Your goal
All of the data is to be printed exactly, though the images must be left off.
Start of Data extracts
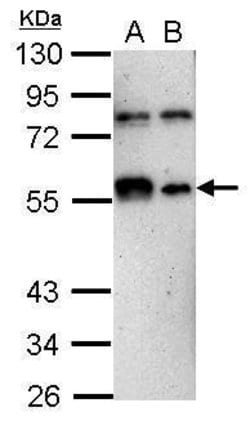 KLF12 Polyclonal Antibody:Antibodies, Polyclonal
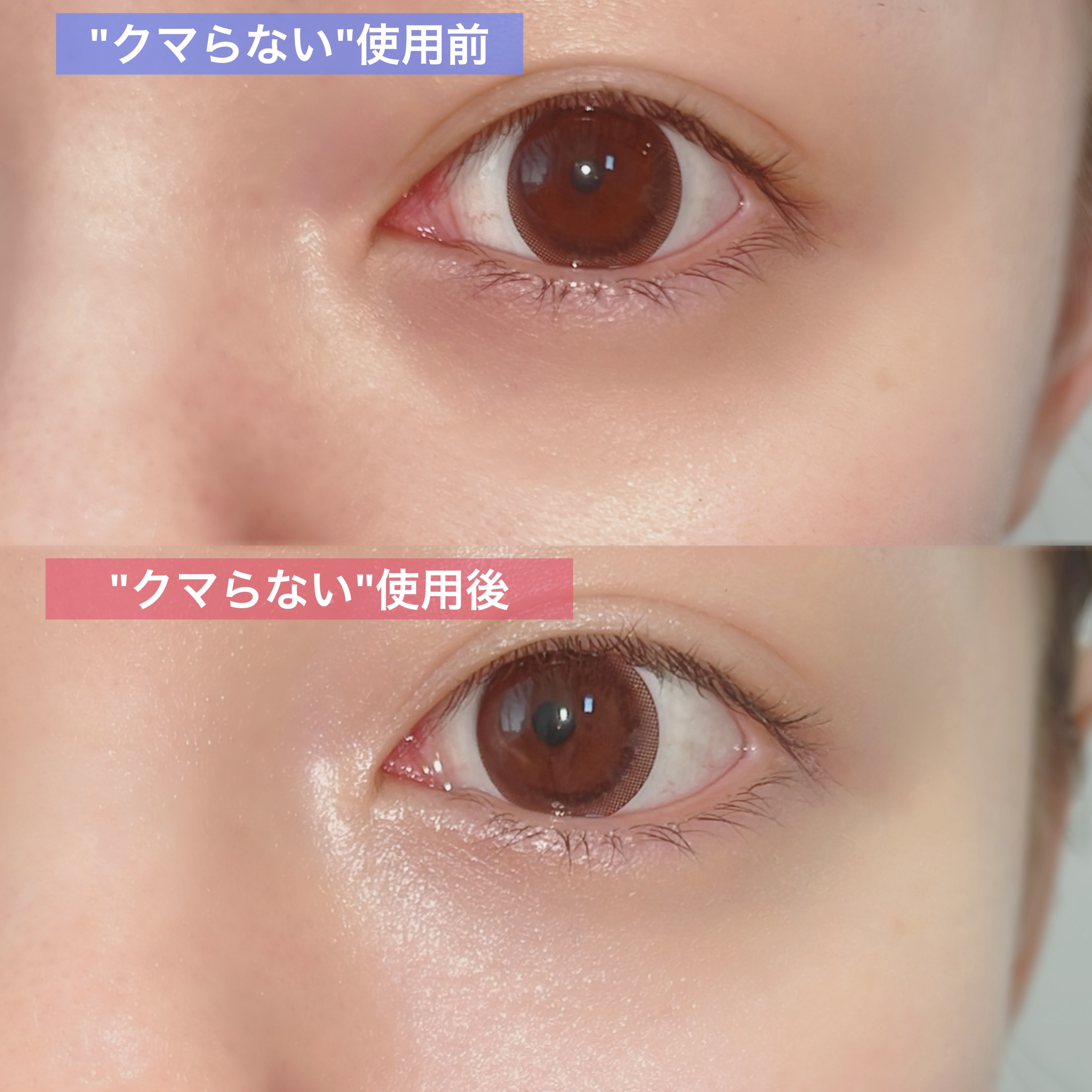 売り切れ殺到中の「クマらない」アイクリームのカバー力が本物だったのでレビューします🩷🤍

✼••┈┈••✼••┈┈••✼••┈┈••✼••┈┈••✼

クリアターン
ごめんね素肌 クマらないアイクリーム
¥990 ←参考価格

✼••┈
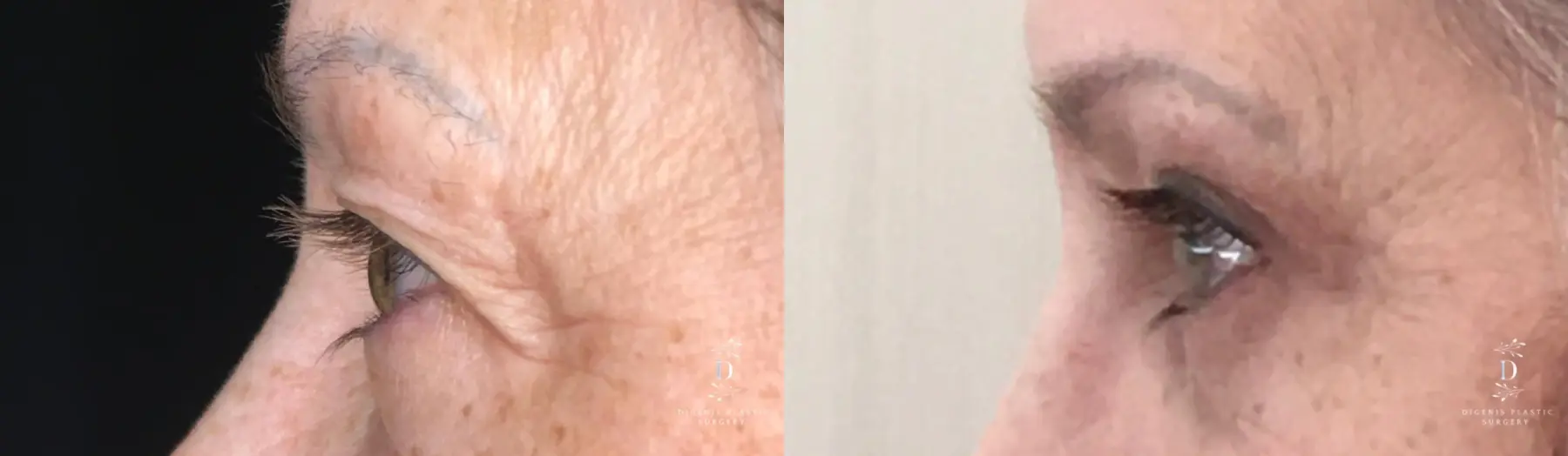 Eyelid Surgery: Patient 29 - Before and After 5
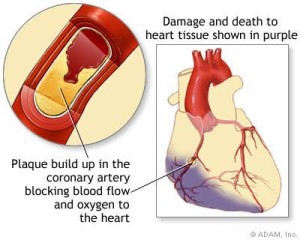 How to recognise a heart attack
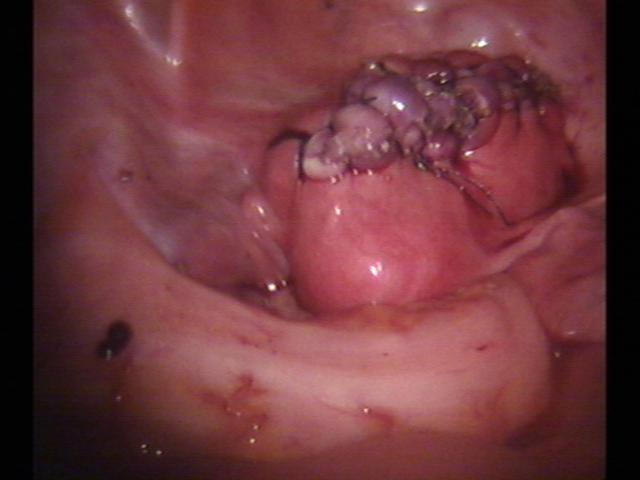 myomectomy (4)(3).jpg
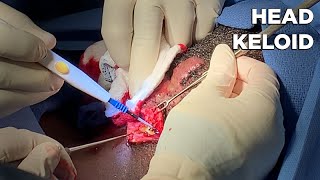 Head Keloid Removal - Dr. Michael Jones | Lexington Plastic Surgeons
End of Data extracts
Response for this exercise
 KLF12 Polyclonal Antibody:Antibodies, Polyclonal
 売り切れ殺到中の「クマらない」アイクリームのカバー力が本物だったのでレビューします🩷🤍

✼••┈┈••✼••┈┈••✼••┈┈••✼••┈┈••✼

クリアターン
ごめんね素肌 クマらないアイクリーム
¥990 ←参考価格

✼••┈
 Eyelid Surgery: Patient 29 - Before and After 5
 How to recognise a heart attack
 myomectomy (4)(3).jpg
 Head Keloid Removal - Dr. Michael Jones | Lexington Plastic Surgeons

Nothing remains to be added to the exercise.